The altricial nature of panda cubs poses a challenge for scientists at the National Zoo who are trying to keep the two cubs alive and healthy. They were born Saturday, one at 138 grams and the other at just 86 grams. The scientists for now call them "the larger cub" and "the smaller cub."

[Panda twin cubs are special to the National Zoo, but they're not rare worldwide]

They have had mixed results in their efforts to swap out the two cubs so that the mother, Mei Xiang, spends time with, and bonds with, both of them. Late Sunday night, the panda team tried and failed for hours to get Mei Xiang to leave the larger cub and move to the smaller cub that had been placed in the den. The team finally succeeded about 7 a.m. Monday. As of late Monday the cubs appeared to be healthy, said Zoo spokesperson Pamela Baker-Masson.

She said of Mei Xiang, “Just as she is learning how to manage cubs, so are we.”

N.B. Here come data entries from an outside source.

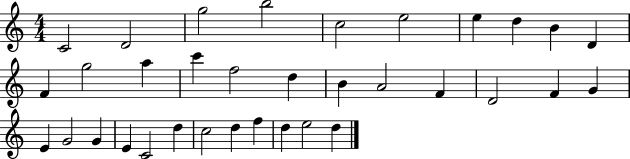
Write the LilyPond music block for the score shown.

{
  \clef treble
  \numericTimeSignature
  \time 4/4
  \key c \major
  c'2 d'2 | g''2 b''2 | c''2 e''2 | e''4 d''4 b'4 d'4 | \break f'4 g''2 a''4 | c'''4 f''2 d''4 | b'4 a'2 f'4 | d'2 f'4 g'4 | \break e'4 g'2 g'4 | e'4 c'2 d''4 | c''2 d''4 f''4 | d''4 e''2 d''4 | \break \bar "|."
}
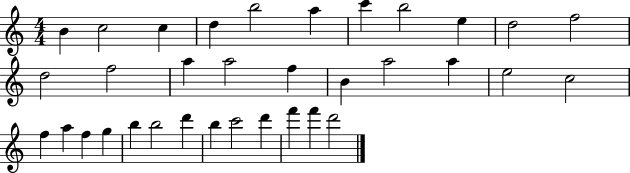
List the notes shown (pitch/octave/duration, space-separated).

B4/q C5/h C5/q D5/q B5/h A5/q C6/q B5/h E5/q D5/h F5/h D5/h F5/h A5/q A5/h F5/q B4/q A5/h A5/q E5/h C5/h F5/q A5/q F5/q G5/q B5/q B5/h D6/q B5/q C6/h D6/q F6/q F6/q D6/h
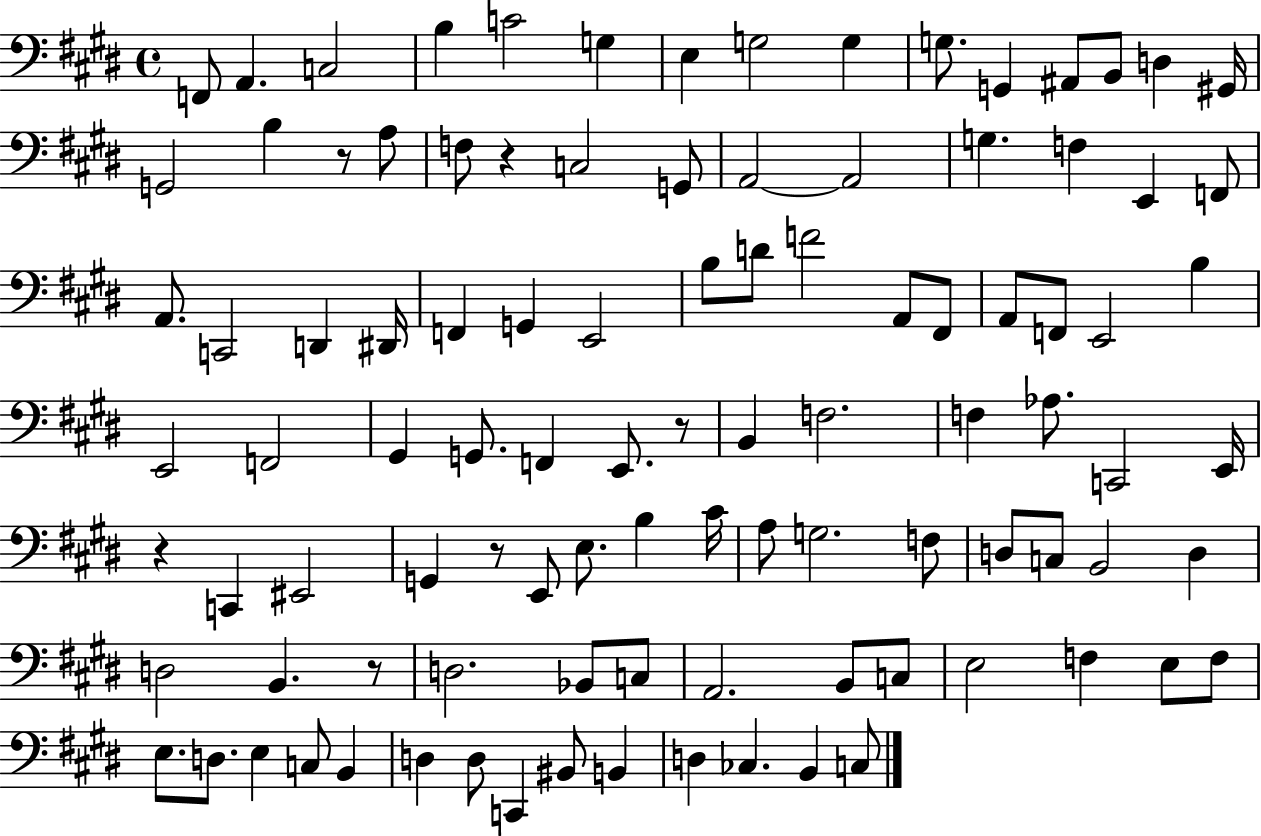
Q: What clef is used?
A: bass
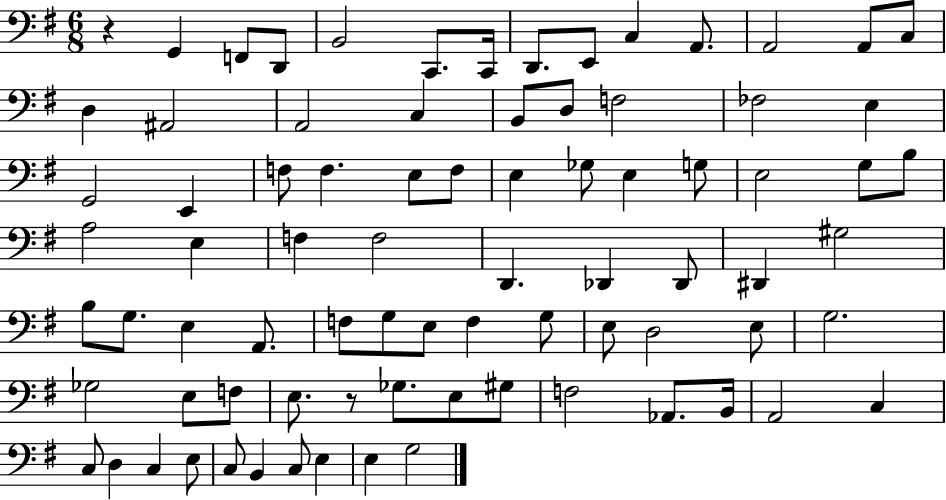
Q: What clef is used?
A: bass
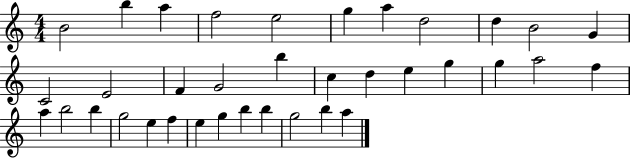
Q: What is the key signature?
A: C major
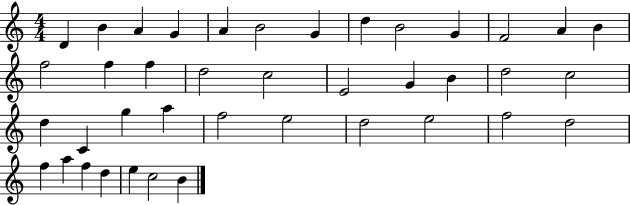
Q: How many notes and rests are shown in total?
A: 40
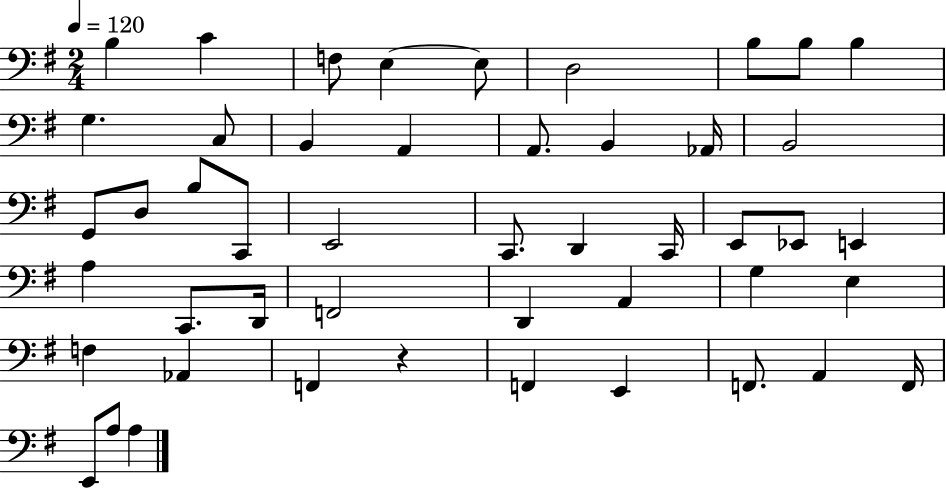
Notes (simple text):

B3/q C4/q F3/e E3/q E3/e D3/h B3/e B3/e B3/q G3/q. C3/e B2/q A2/q A2/e. B2/q Ab2/s B2/h G2/e D3/e B3/e C2/e E2/h C2/e. D2/q C2/s E2/e Eb2/e E2/q A3/q C2/e. D2/s F2/h D2/q A2/q G3/q E3/q F3/q Ab2/q F2/q R/q F2/q E2/q F2/e. A2/q F2/s E2/e A3/e A3/q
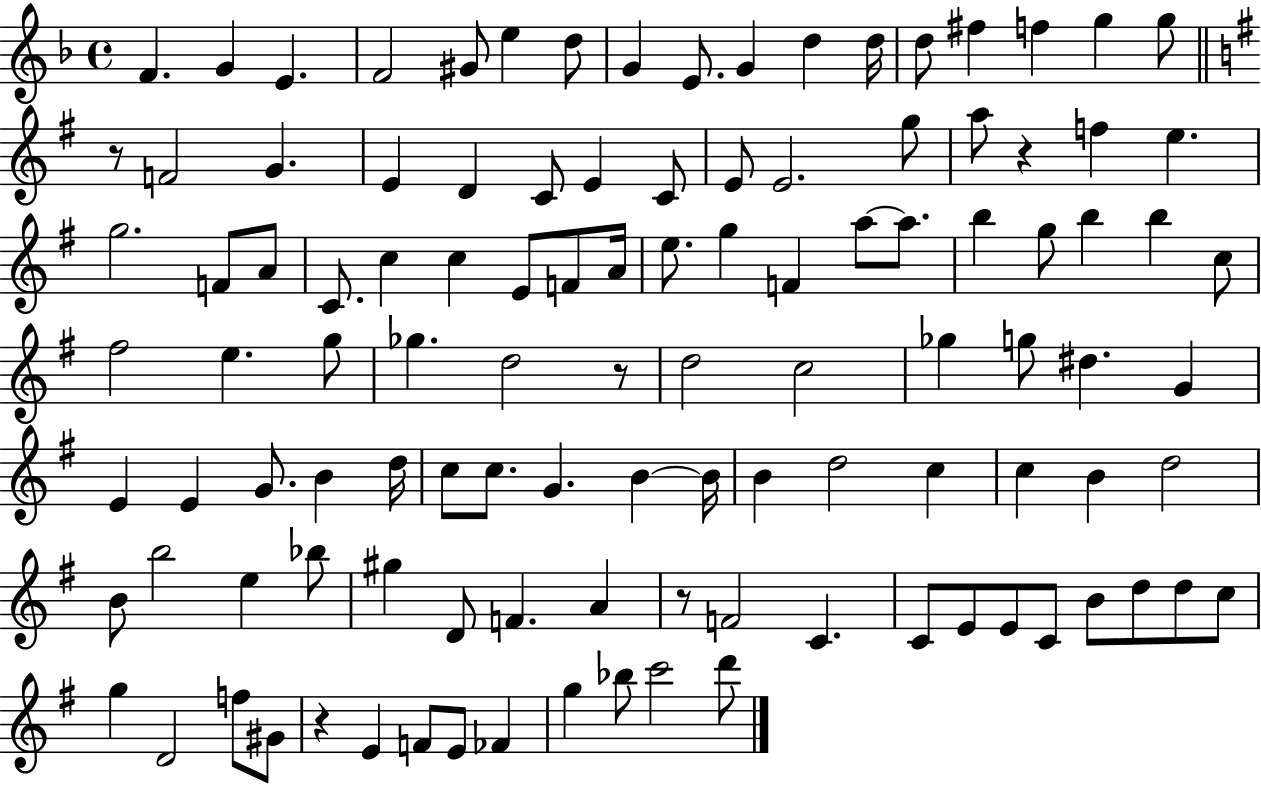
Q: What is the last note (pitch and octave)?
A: D6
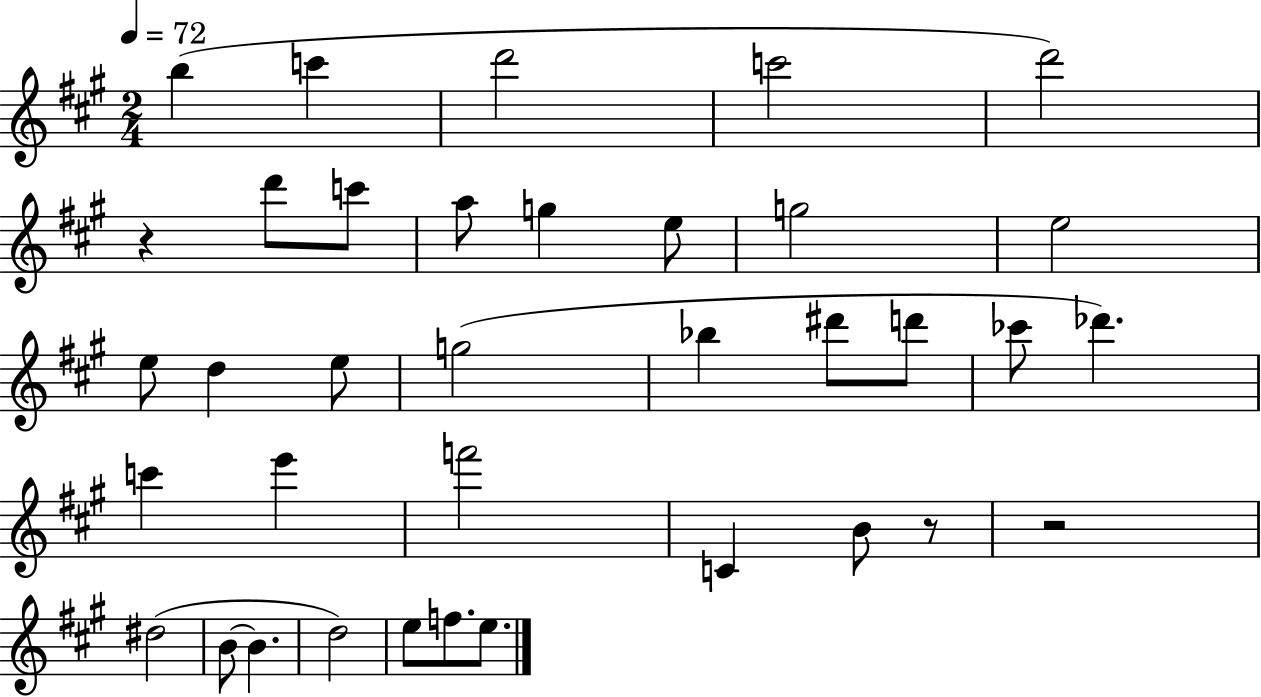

Update Tuesday 12:30 p.m.:

The Zoo has issued the following bulletin about the panda cubs:

Mei Xiang has not been a willing participant in the panda team’s efforts to switch the cubs since 2 p.m. yesterday afternoon. She has the larger cub in her possession. The panda team is caring for the smaller cub and will continue efforts to swap the cubs about every four hours. However, because the smaller cub has been away from Mei, the panda team is now managing it more intensely. The little cub’s behaviors are good. The team is concerned about its fluctuating weight since the cub is now more than 48 hours old. The most important thing for the panda team is to help the cub get enough fluids and nutrients. To accomplish this, they are bottle and tube feeding the cub. The cub has shown some signs of regurgitation which can lead to aspiration in such a tiny creature. To be prudent, the veterinarians are administering antibiotics to prevent possible infection. It’s very important to keep the cub hydrated so they are alternating an infant electrolyte solution with formula and administering fluids under the skin. The cub is urinating and defecating well. The veterinarians have not seen any sign of respiratory distress.
Our observations of the larger cub from yesterday indicate it is doing well and we’re confident Mei Xiang is taking very good care of it. We remain in a high-risk period.